Makinom is an editor extesion for the Unity. It’s a powerful and flexible general-purpose game development toolkit, allowing you to create game controls, game mechanics or interactions with your game world without writing a single line of code.
You can create all kinds of 2D or 3D game genres, like roguelikes, platformers, shooters, action-adventures, 1st- or 3rd-person, and many more. Check out the tutorials for some examples.
Makinom currently supports any Unity version since Unity 2019. It’s recommended to stick to Unity’s LTS (long-term support) versions, e.g. Unity 2019.4.
When a new Unity version is released, it might contain changes that break compatibility with the current Makinom version. This’ll usually be fixed with a new version within a few weeks after Unity’s release. There’s no official support for Unity’s alpha or beta versions.
Some extensions to Makinom (e.g. UI modules or plugins) might require certain packages to be installed in the project, e.g. using the Unity UI module requires using Unity UI and TextMesh Pro packages.
Makinom officially supports the following build targets:
Since Makinom’s features are implemented using basic/cross-platform APIs, it’ll most likely also work on other platforms (e.g. Nintendo Switch and other consoles), but they’re untested.
Before getting into the details in the following documents, let’s get a quick overview over some of Makinom’s core features.
Schematics are reusable, node-based blueprints of what you want to do. They work similar to flow charts, each node performs a task and decides the next node that’ll be executed. There are over 400 nodes available, ranging from simple things like playing an audio clip, spawning a prefab or increasing a counter to complex operations like moving/rotating over time or fading to a new camera position.
Schematics are used to create player/camera controls, game mechanics, dialogues and other interactions, cut-scenes, AI and handle animations, movement and many other things.
Learn more in the schematics documentation.
Machine components are used to play your schematics (but schematics can also play other schematics). There’s a machine for every use case, e.g. Tick Machines handle update-based functionality like player/camera controls, Trigger Machines can start when an object enters an area or Collision Machines when a bullet hits a target.

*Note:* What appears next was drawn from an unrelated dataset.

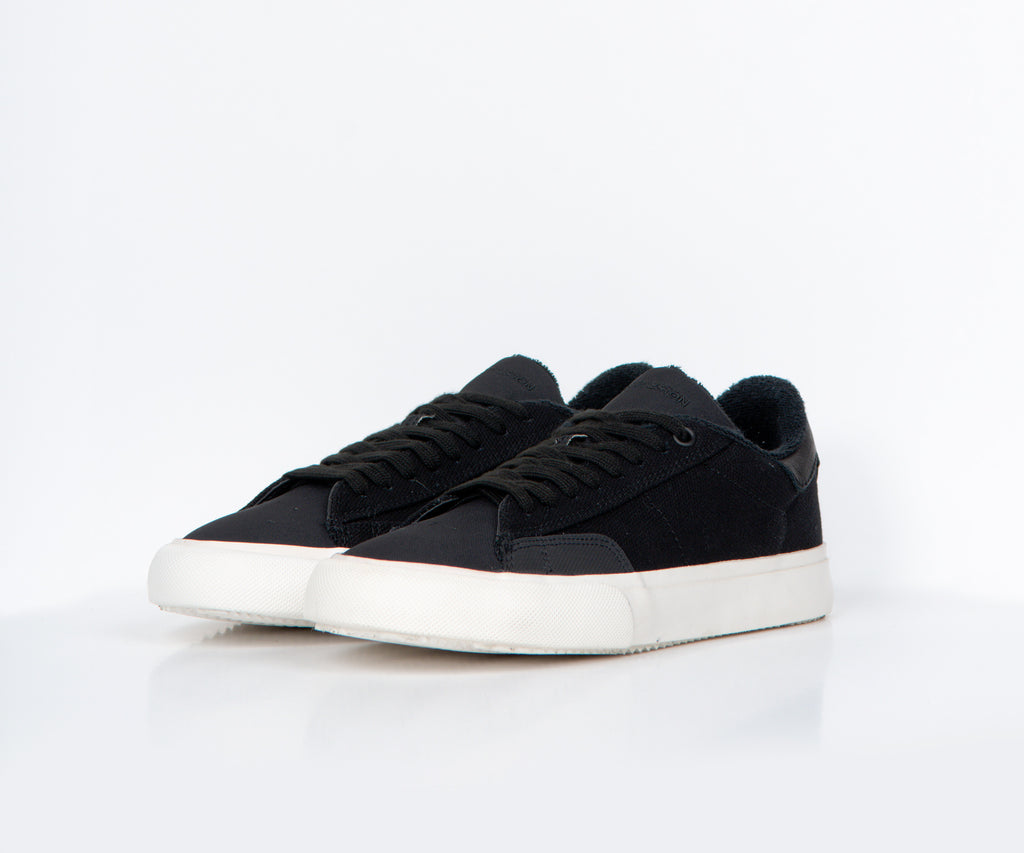 Heron Preston 'Vulcanised' Low Top Trainers Black/White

Tagged Machines are used to create a uniform setup for your game mechanics, e.g. starting whatever happens when something is killed or destroyed via the same tag (e.g. ‘kill’), for items and other pickups this can trigger collection, while on enemies it’ll play their death animation and drop loot or increase the score.

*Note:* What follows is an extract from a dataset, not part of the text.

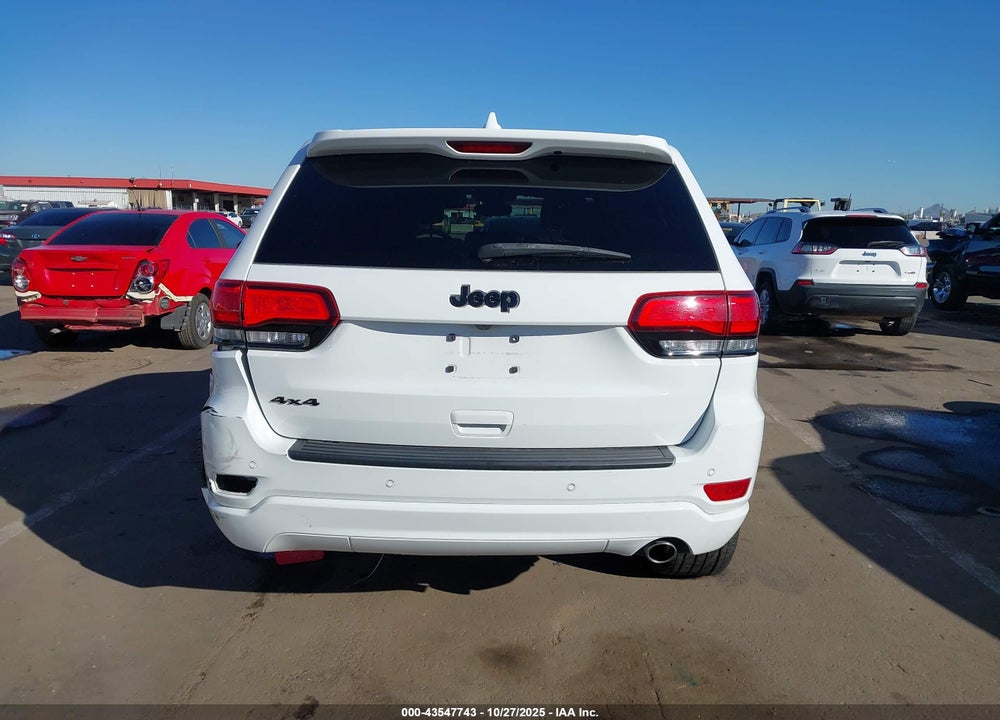 2018 JEEP GRAND CHEROKEE ALTITUDE 4X4 VIN: 1C4RJFAG0JC266895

Often used machines can be set up as templates for easy reusability.
Learn more in the machines documentation.
Makinom supports setting up content in multiple languages, as well as easy export and import of language data for translations, including notes to the translators.
Learn more in the languages documentation.
Input keys are an extensible input system with support for local multiplayer and control styles via the Input ID system.
Learn more in the input keys documentation.
Variables are used to store information in a running game. This information could be anything – like the player’s health, ammunition or marking a solved quest. You wont be able to create a game without using variables, they’re needed in basically all game mechanics you’ll create. Variables can be available globally (i.e. everywhere), bound to a game object or within a local execution (e.g. in a running schematic).
Learn more in the variables documentation.
Game states are simple states that are either active or not. You can set up your own game states to manage e.g. if a HUD should be displayed or a machine be able to execute.
They can either be changed automatically (e.g. upon pausing/unpausing the game or blocking/unblocking player controls) or via schematics.
Learn more in the game states documentation.
Build HUDs, dialogues, menus and flying texts (e.g. damage numbers). HUDs can also be used for virtual controls.
The UI system is modular and completely separated from the rest, allowing you to switch it out if needed.
Learn more in the UI system documentation.
Makinom includes a save game system to save the current state of your game, including variables, game states and the player’s position (and scene).
Learn more in the save games documentation.
Create node-based formulas for often used or complex calculations, e.g. damage calculations.
Makinom includes a music system for fading between different tracks, as well as multiple music channels.
You can also use audio channels to play sound effects and control their volume independently.
Learn more in the audio and music documentation.
Use pooling to reduce performance impact from spawning and destroying often used game objects, e.g. bullets fired by a gun.